The CBC program was started by former Superintendent Vincent E. Reed's administration in an effort to reverse the trend of low achievement by public school students here. The program emphasizes reading and math and allows students to work at their own pace, requiring them to master one skill before moving on to another.
The fact that most students still lagged far behind the national norms, especially in reading, Guines said, "must be looked at in the context of where we were" in prior years. "We're not going to say the tests are bad or the kids can't do it," he said. "We will do better in the future."
The national norms for the various grades are 3.8, 6.8, 9.8 and 11.7. District third graders this year scored 3.5 in reading and 3.8 in mathematics, up from 3.3 in reading and 3.7 in mathematics last spring.
Since the tests are given near the end of the school year, third-grade pupils should be close to fourth grade-level work.
Sixth-grade students here scored 5.9 in reading and 6.4 in mathematics. The reading scores were up from 5.8 last year, but the mathematics scores went down from 6.5.
Ninth graders moved from 7.3 in reading last year to 7.7 this year. But the most significant gain was in mathematics where the students scored 8.0 this year, up from 7.0 last year.
School officials credited these gains to a program started this year in the junior high schools. It requires students to take extra courses in reading and math and requires their parents to sign a "contract" guaranteeing that they would check homework, provide their children with a quiet place for study and participate in parent-teacher conferences.
"It paid off," acting vice superintendent J. Weldon Greene said of the program. "They [ninth graders] went up one full year in mathematics and that's not easy to do. It shows how intensive instruction can increase performance on standardized tests."
Greene said additional reading and math courses will be required in all junior high schools next year.
The 11th grade students fell the furthest below national norms, scoring 9.1 in reading and 8.8 in mathematics. Greene said school officials thought there was a need to begin testing high school students again. High school teachers also wanted more test data on the students, Greene said.

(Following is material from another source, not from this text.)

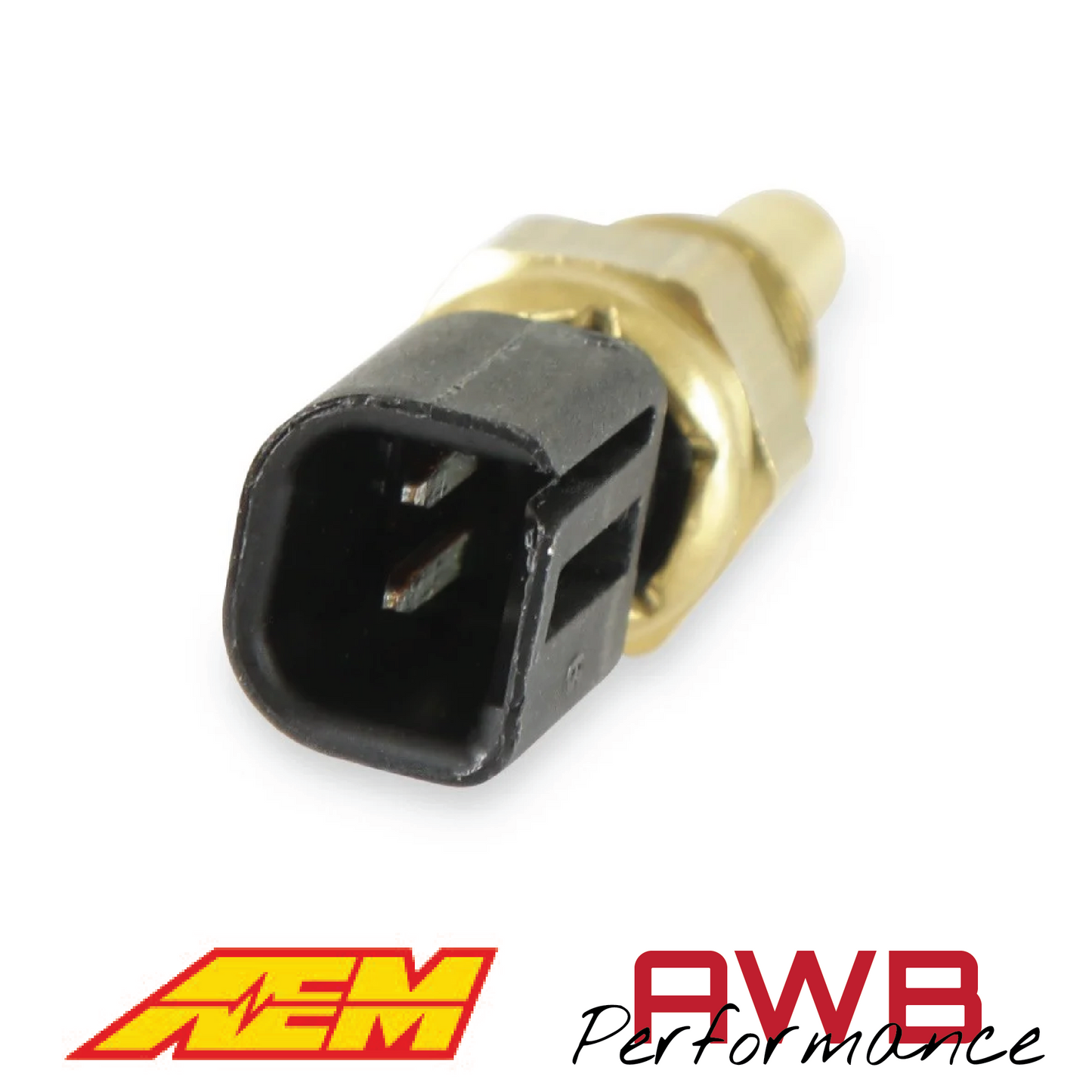 AEM Water Temp Sensor Kit - 30-2012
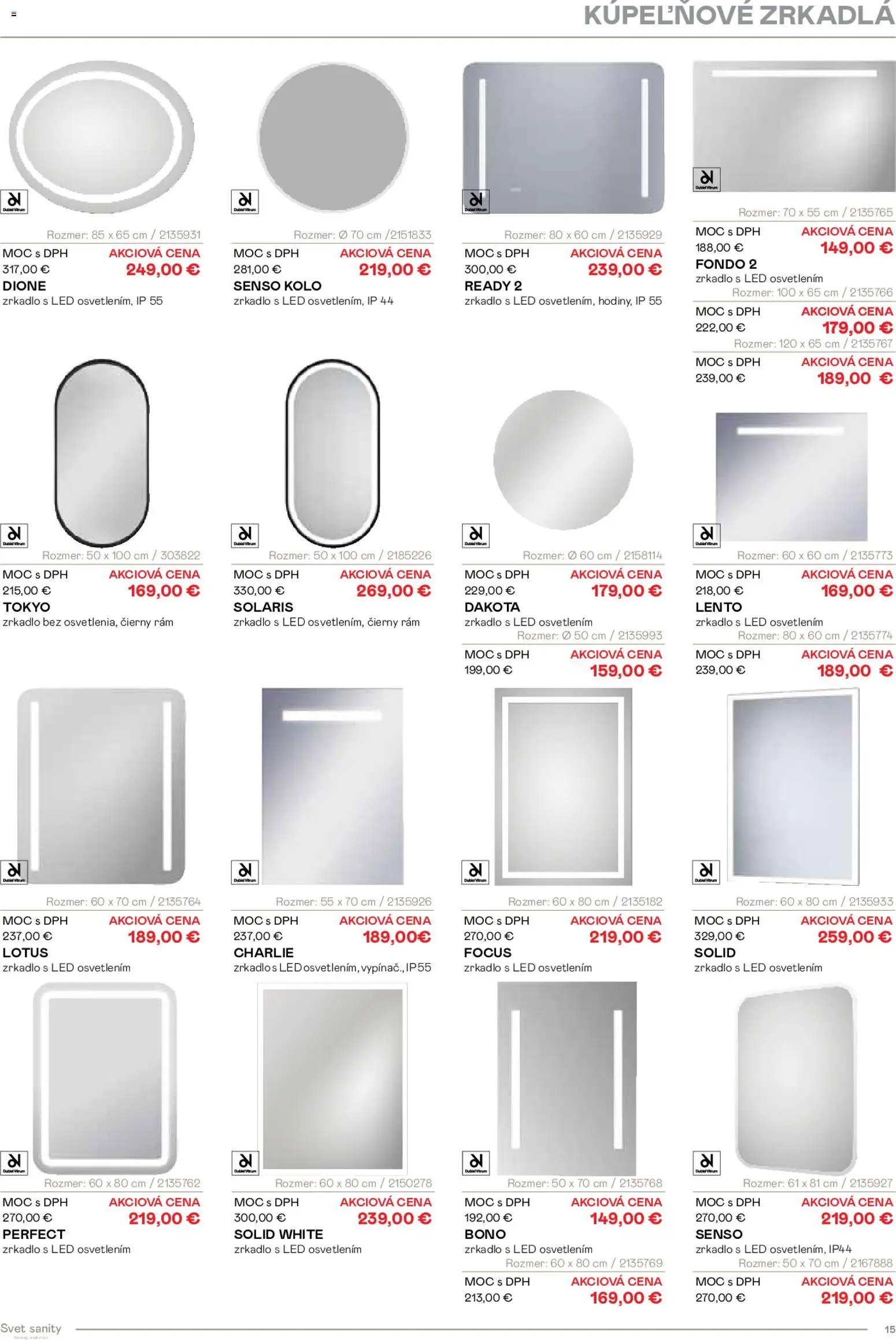 Ingema katalóg Svet sanity (2025-10-29 - 2026-12-31) | 17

Reading test scores dropped dramatically in grades six and nine between 1976 and 1977, but stayed fairly stable in grade three. Then, in 1978, they all began a steady rise.
Math scores dropped sharply in grade nine in 1977, but then began climbing in all three grades in 1978.
The national grade level norms are based on scores of a representative national sample of about 130,000 students tested in 1973. The norms have not been revised since then and thus do not reflect changes around the country since 1973. They do, however, provide a consistent measure of achievement in Washington.
The scores are based on a 10-month school year. The test itself is a three-hour multiple choice exam called the Comprehensive Test of Basic Skills (CTBS). Ti is published by the California Testing Bureau, a division of McGraw-Hill Inc.
"Lots of people have said these tests are biased," Guines said last night. "So this must be the acid test" that the District's program is working, he added.